* **Recorded information**
*** Block opens ***

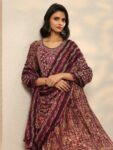 Burgundy Printed Silk Blend A-Line Kurti
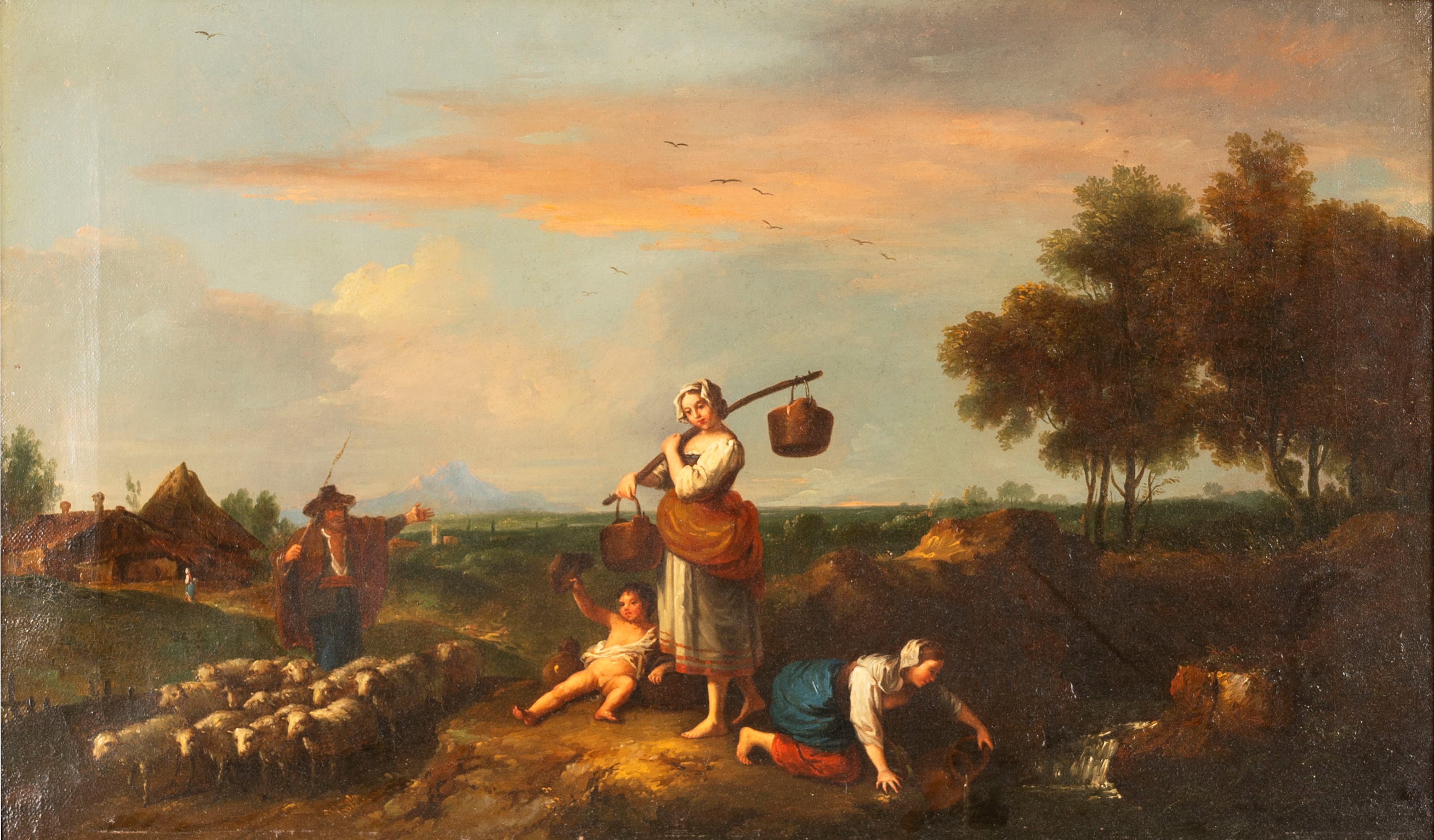 Due paesaggi arcadici con pastori e contadine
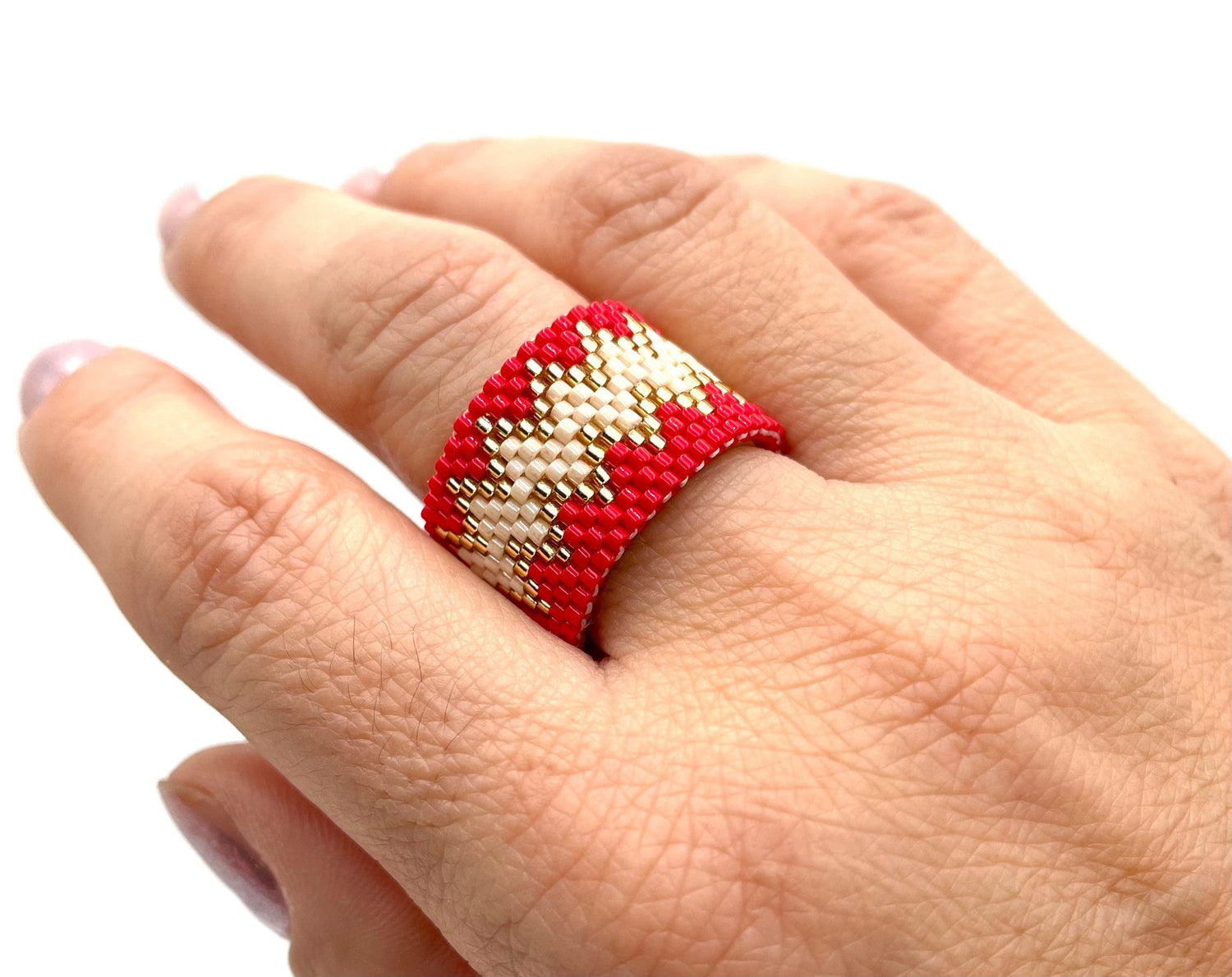 Mexoul Handmade Wide Band Ring Red Miyuki Seed Bead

*** Block closes ***

* **Task statement**
What the reply must contain is an exact transcription of the data above and none of its pictures.

* **Task solution**
 Burgundy Printed Silk Blend A-Line Kurti
 Due paesaggi arcadici con pastori e contadine
 Mexoul Handmade Wide Band Ring Red Miyuki Seed Bead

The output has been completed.